“In 2050, will there be Tea?” was the question being posed. Over 40 people had gathered at Tea Source’s warehouse on Father’s Day to hear guest lecturer Nigel Melican speak on the future of tea. This lecture was part of Tea Source’s Master Series to educate the public on relevant issues related to tea. Bill Waddington, founder of Tea Source, assured the audience that it would be a “sobering and heartening conversation,” to which the audience cautiously chuckled.
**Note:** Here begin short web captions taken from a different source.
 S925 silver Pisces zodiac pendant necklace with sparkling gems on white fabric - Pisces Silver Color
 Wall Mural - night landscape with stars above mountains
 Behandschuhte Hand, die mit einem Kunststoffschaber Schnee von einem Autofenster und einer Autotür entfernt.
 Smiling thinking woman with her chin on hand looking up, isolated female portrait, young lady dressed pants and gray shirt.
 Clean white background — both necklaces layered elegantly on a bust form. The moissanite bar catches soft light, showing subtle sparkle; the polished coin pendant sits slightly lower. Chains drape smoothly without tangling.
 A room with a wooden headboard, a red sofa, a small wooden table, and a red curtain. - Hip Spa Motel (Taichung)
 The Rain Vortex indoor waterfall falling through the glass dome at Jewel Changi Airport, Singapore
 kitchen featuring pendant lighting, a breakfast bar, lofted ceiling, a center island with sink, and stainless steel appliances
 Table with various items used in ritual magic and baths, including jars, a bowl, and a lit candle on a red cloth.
While it was clear that lecture would dip into the grim realities of climate change, urbanization, and a shifting face of tea, Melican said he would “steer the middle course between optimism and pessimism.” He would balance the doom and gloom through highlighting the possibility for change that could be achieved through human creativity and innovation within the tea industry.
Melican began by bracing the audience for big shifts in the tea industry to come. “I predict we will see more changes in tea during the next 30 years than we have seen in the last 300.” The major contributing factors he outlined were: urbanization, population growth, land scarcity, climate volatility, and technology.
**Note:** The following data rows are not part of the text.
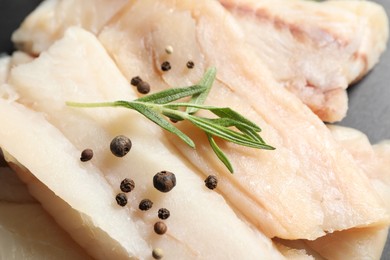 Pieces of raw cod fish, rosemary and peppercorns on table, closeup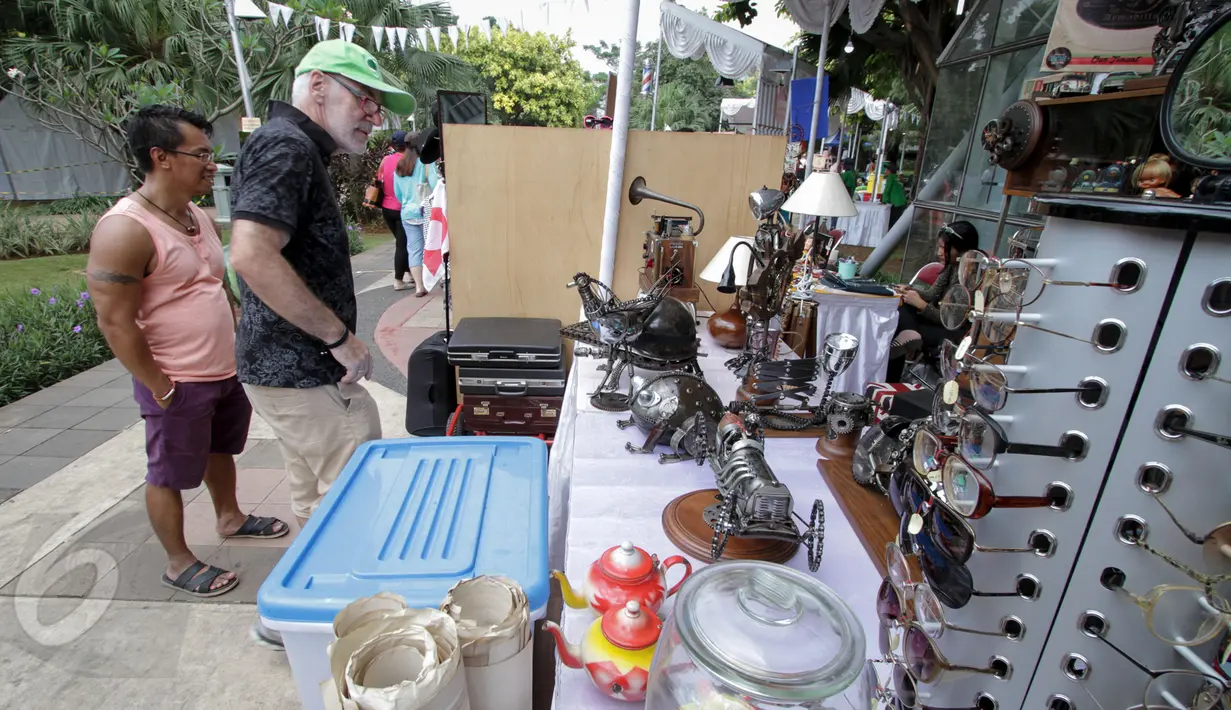 Seorang turis asing tampak melihat salah satu kios barang antik di Pasar Maci atau pasar barang-antik di Taman Menteng, Jakarta, Minggu (31/5). Acara tersebut menjual sejumlah barang antik. (Liputan6.com/Faizal Fanani)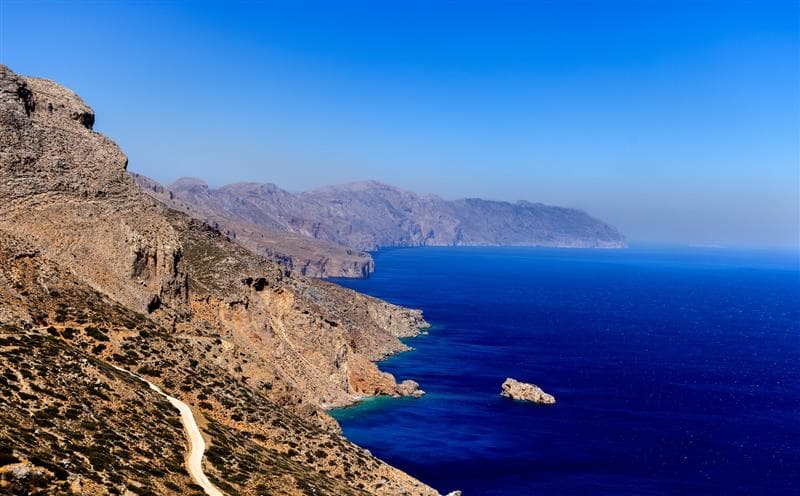 An image of a coastline featuring bright blue water and rocky cliffsides.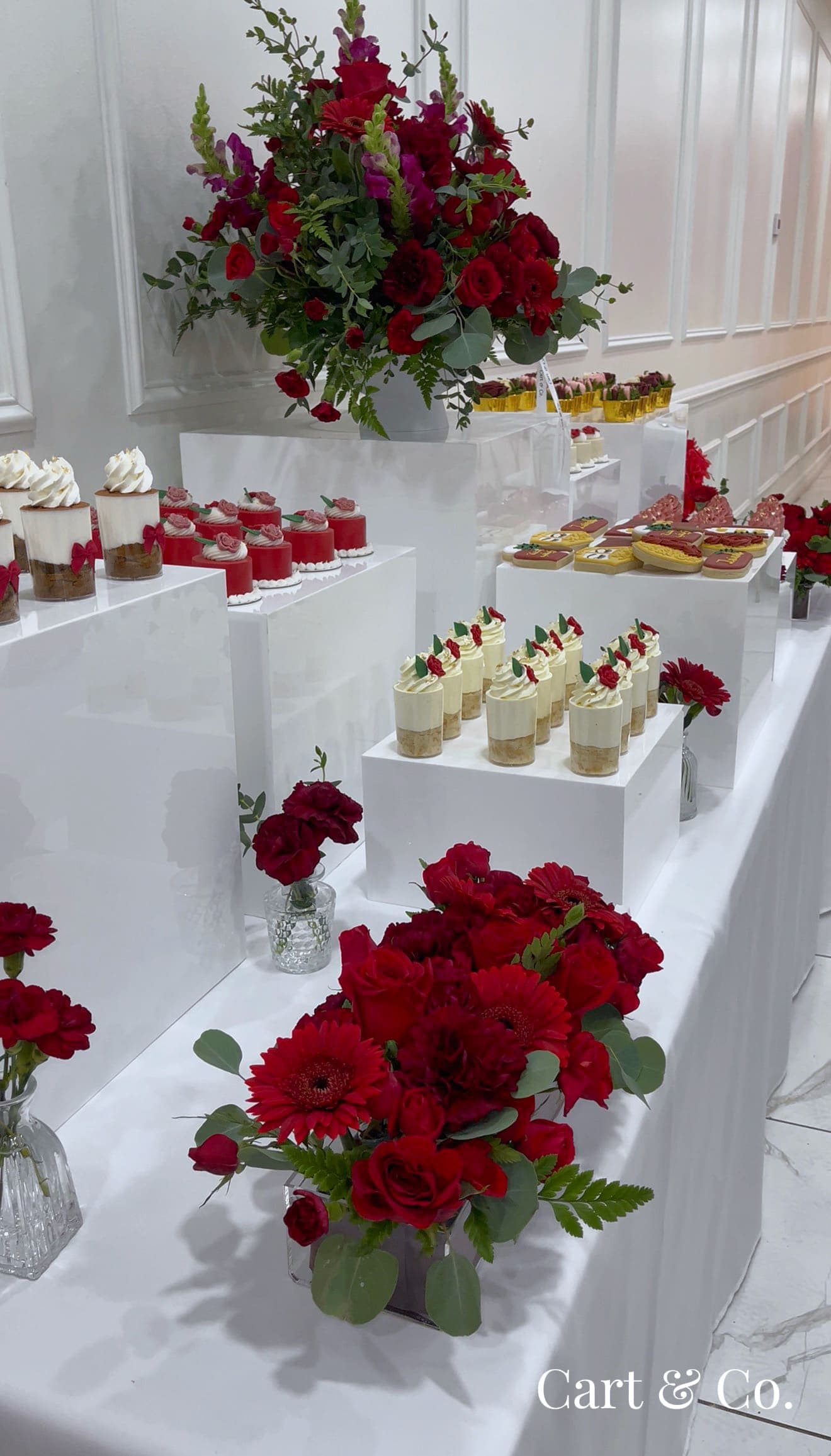 Red rose and gerbera daisy arrangements styled beside red velvet mini cakes and cream mousse cups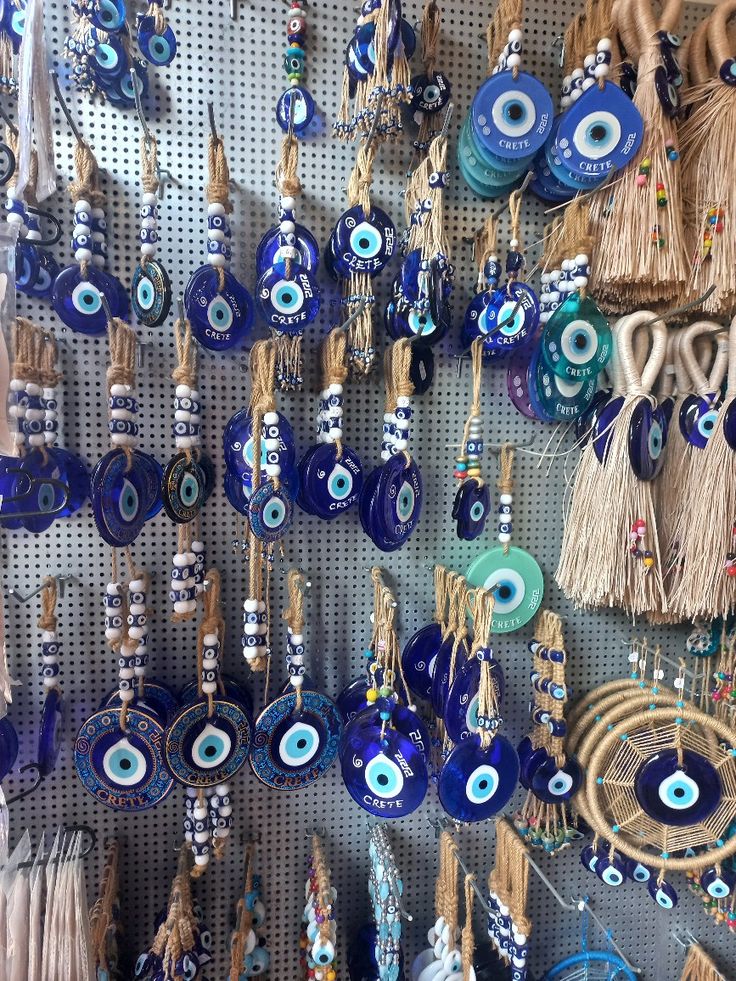 there are many blue and white evil eyes hanging on the wall with tassels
In 2010, the world’s population of rural inhabitants matched those of urban dwellers. Currently, 54% of the population lives in urban areas, and that number is increasing with the UN estimating as many as 70% in 2050. Many of the rural tea growing communities in India and China are suffering labor shortages as young people are enticed by urban job potential and higher wages. Tea pluckers – many of whom are 60-70 years of age – do not want the younger generations to go into tea. “Mother’s want their kids to be doctors or lawyers and make good money in the city,” Melican explained.
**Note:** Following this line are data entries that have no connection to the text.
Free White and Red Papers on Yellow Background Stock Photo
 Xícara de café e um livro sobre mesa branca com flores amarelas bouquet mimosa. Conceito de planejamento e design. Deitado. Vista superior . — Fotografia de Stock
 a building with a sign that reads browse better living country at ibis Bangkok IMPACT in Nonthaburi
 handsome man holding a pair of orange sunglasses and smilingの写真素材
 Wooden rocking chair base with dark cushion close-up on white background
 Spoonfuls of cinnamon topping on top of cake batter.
General population growth is making viable agricultural land scarcer. “We have more people alive today than have ever died,” Melican said putting population growth into perspective. Currently, only 3% of the world’s viable agricultural land is dedicated to perennial crops – which includes tea. Good land is becoming increasingly sparse, and more expensive, and it would be natural that beverage crops would lose out to food crops.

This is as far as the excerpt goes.